Influencer marketing is trending, but is it worth it?
It’s a phrase as old as time: word of mouth is the best marketing. For many years, brands have been using spokespersons to spread the word about their products, and to associate themselves with a “cool” and “worthy” person, group, and segment. But, like all marketing, techniques and tactics need to roll with the changing times.
Traditional spokespersons are not going completely out of style, but their use is evolving. Today, brands are using digital “influencers” – people that are self-made Internet stars, either through Instagram or YouTube – to reach new audiences in a less intrusive way.
The number of social media users is staggering, and even more staggering is how many followers an average Joe or Jane can rack up with persistence and consistency. A good social media account can see thousands of followers, while a great social media account can see millions of followers. So, how does this translate to brand marketing?

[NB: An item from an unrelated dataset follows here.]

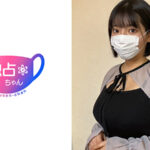 【ブッ飛び白目オーガズム】とにかく淫乱なGカップ爆乳人妻！NTR交尾の気持ちよさに本能爆発！【すなお】517270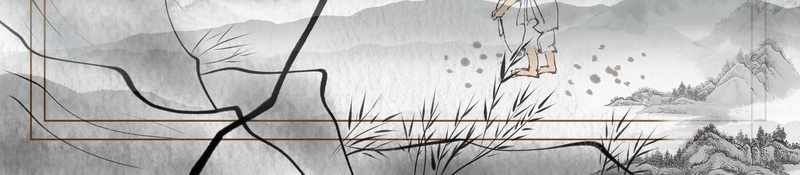 中国风清明节创意海报jpg设计背景_新图网 https://ixintu.com 二十四节气 24节气 雨水 中国风 水墨 清明 牧童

A few ways that brands are collaborating with powerhouse influencers include:
· Invite an influencer to help create and promote a new line of products
· Create campaigns around how influencers are already using a product to make it easier for fans to find and replicate something they already love
· Give an influencer “backstage” access to a photoshoot, design session, brainstorming session – whichever makes the most sense for their brand and yours
· Cross-promote their channel and your own channel by adding them to one of your programs, and by offering one of your experts to be a guest on their channel
· Provide substantial giveaway items for the influencer to use for contests
· Give them advanced access to new products to test and promote to their audience ahead of its release
But, just like with traditional spokespersons, the Federal Trade Commission (FTC) wants to make sure things are done on the up and up and recently updated their endorsement guidelines to include policies for influencer marketing. Here’s what you need to know if you’re considering using an influencer as part of your marketing strategy:
· You’re going to have to be as transparent as possible when using influencers, and they will have to use two distinct hashtags to identify their sponsored content: #ad and #sponsored.

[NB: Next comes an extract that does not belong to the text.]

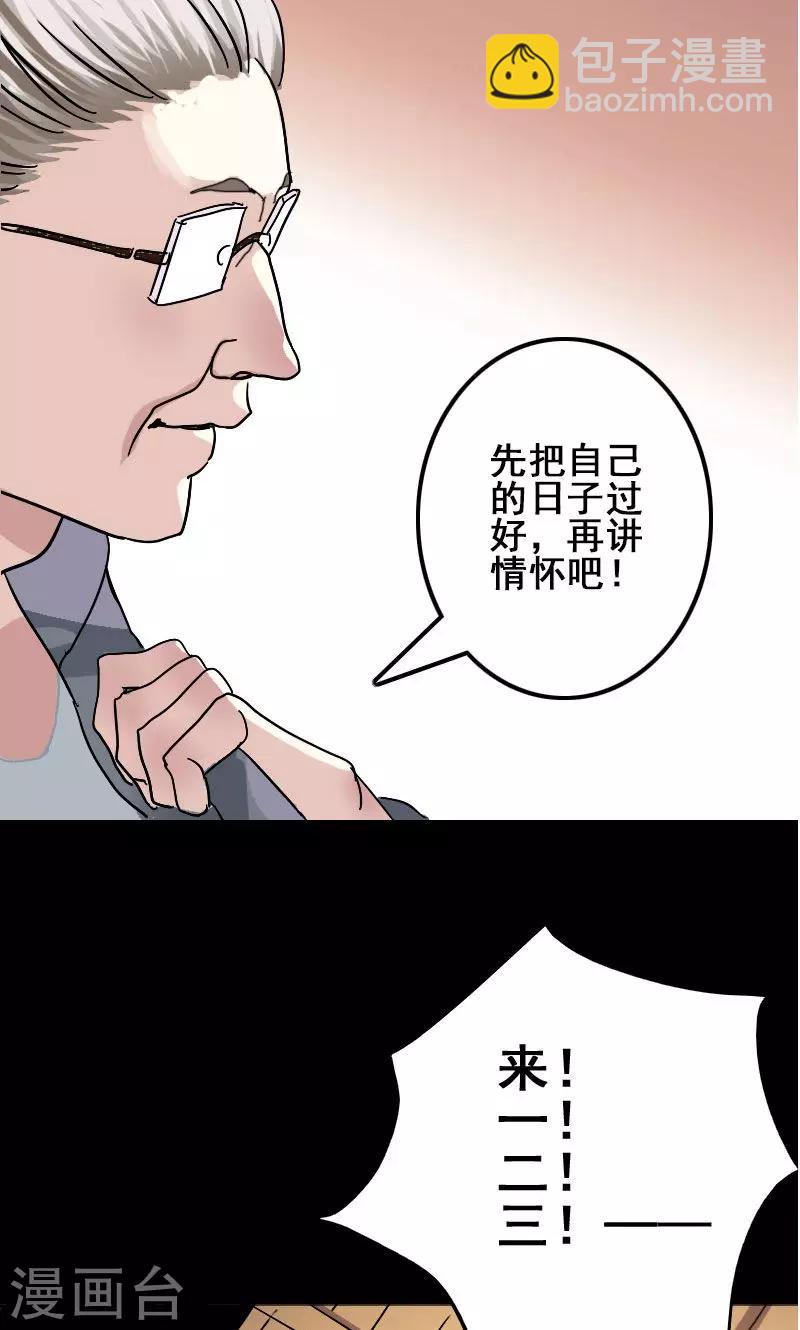 第1话21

· Consistency is still forthcoming, since each social platform is different and is handling sponsored content differently. Don’t think that a social platform’s guidelines equal compliance – compare those with the FTC’s and make sure your influencer campaigns aren’t breaking the rules.
· Samples are not excluded from FTC guidelines. Even if an influencer is given a free sample, they are going to have to label that content as advertising to be compliant with the FTC.
· Celebrities are not considered influencers. Since it is implied that a celebrity endorsement is advertising, they won’t have to label their sponsored posts. Influencers are a completely new category. The difference between “celebrity” and “influencer” is still a bit loose, but expect that to be cleared up as the FTC continues to define and police influencer marketing.